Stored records
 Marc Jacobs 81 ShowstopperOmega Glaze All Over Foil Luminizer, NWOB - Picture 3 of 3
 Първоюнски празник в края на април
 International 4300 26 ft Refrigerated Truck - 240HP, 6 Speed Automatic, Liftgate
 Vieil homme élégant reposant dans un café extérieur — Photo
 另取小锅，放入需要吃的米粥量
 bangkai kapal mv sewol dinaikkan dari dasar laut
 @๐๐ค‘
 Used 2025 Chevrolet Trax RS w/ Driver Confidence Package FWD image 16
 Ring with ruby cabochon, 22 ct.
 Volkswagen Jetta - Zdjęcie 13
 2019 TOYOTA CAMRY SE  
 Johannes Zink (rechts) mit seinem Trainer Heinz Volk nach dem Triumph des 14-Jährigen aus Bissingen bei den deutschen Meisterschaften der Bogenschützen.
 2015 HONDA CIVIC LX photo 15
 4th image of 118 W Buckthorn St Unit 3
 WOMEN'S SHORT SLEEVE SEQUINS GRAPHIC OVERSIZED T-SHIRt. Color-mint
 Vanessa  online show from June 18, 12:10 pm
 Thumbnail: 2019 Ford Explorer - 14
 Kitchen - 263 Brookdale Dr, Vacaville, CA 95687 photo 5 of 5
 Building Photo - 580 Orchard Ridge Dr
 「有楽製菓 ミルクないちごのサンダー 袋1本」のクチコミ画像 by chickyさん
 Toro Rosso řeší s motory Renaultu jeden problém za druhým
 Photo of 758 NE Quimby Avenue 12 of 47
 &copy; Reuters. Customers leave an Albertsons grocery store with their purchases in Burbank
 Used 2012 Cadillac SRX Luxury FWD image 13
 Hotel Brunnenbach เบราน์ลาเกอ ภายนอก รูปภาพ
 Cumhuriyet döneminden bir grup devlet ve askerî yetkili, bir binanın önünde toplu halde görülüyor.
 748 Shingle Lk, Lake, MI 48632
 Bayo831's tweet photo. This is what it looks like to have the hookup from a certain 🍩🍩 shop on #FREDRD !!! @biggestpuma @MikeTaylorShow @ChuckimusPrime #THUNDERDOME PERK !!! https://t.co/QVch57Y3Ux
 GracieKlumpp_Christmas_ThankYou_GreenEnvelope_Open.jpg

**Directions for this task:**
From the line containing "Bayo831's tweet photo." to the last line of the records above, please write out every line exactly and add nothing.

**Solution:**
 Bayo831's tweet photo. This is what it looks like to have the hookup from a certain 🍩🍩 shop on #FREDRD !!! @biggestpuma @MikeTaylorShow @ChuckimusPrime #THUNDERDOME PERK !!! https://t.co/QVch57Y3Ux
 GracieKlumpp_Christmas_ThankYou_GreenEnvelope_Open.jpg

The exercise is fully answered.